__Available data__.
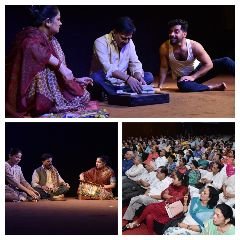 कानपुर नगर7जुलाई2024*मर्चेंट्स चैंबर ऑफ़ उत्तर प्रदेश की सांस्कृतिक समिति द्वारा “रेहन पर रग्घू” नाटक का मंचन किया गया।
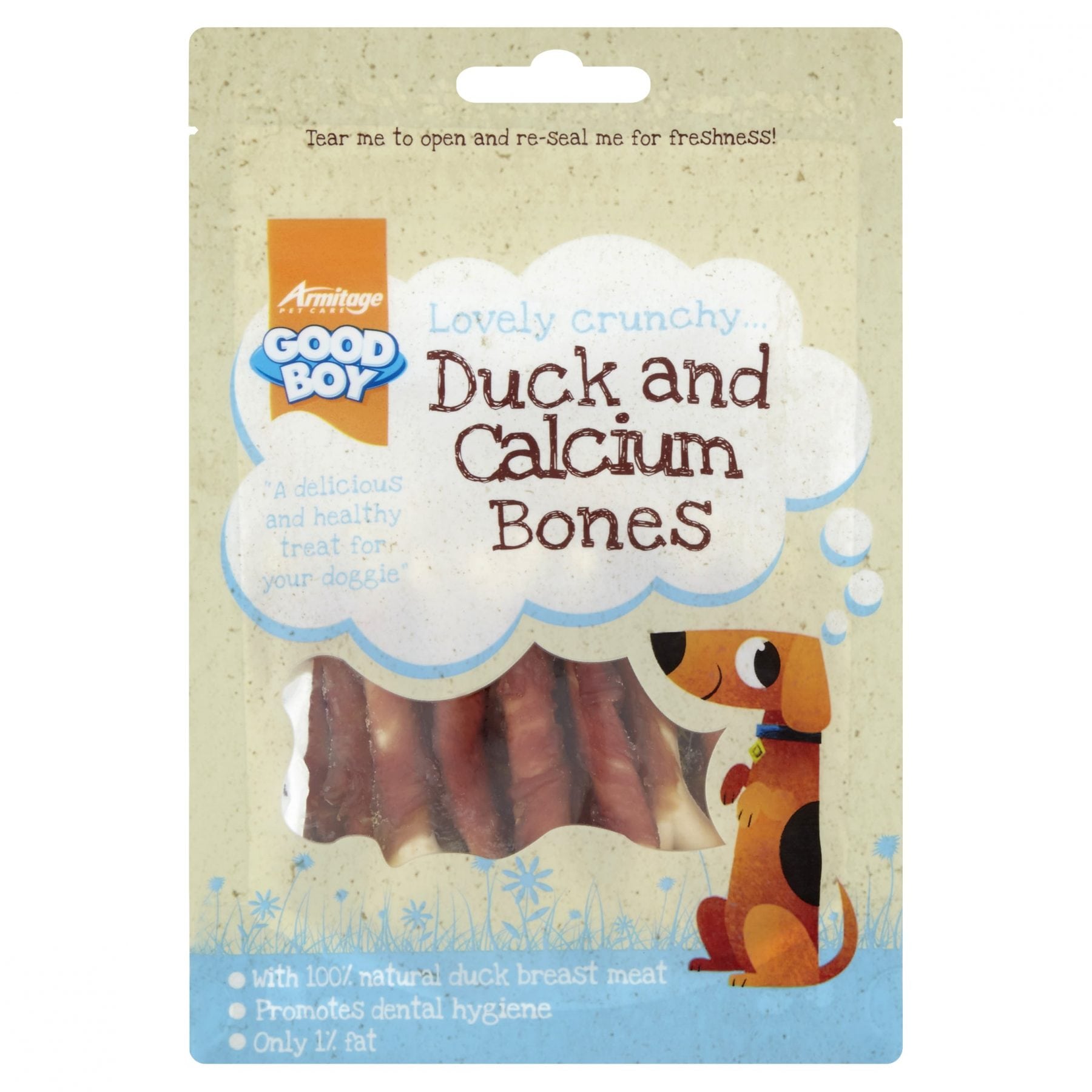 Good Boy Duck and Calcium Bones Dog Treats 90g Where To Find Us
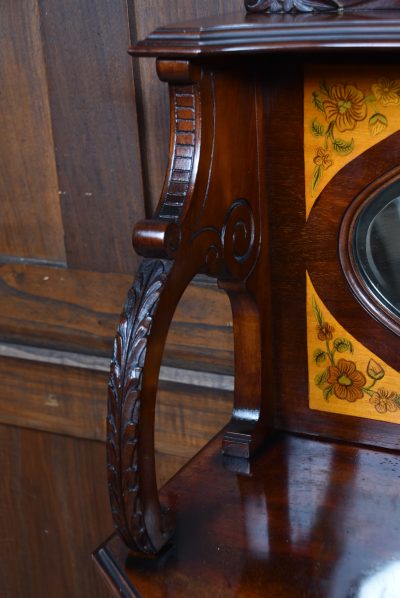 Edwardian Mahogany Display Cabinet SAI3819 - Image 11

__What to produce__.
The expected result is the data above in exact form, free of pictures.

__Written response__.
 कानपुर नगर7जुलाई2024*मर्चेंट्स चैंबर ऑफ़ उत्तर प्रदेश की सांस्कृतिक समिति द्वारा “रेहन पर रग्घू” नाटक का मंचन किया गया।
 Good Boy Duck and Calcium Bones Dog Treats 90g Where To Find Us
 Edwardian Mahogany Display Cabinet SAI3819 - Image 11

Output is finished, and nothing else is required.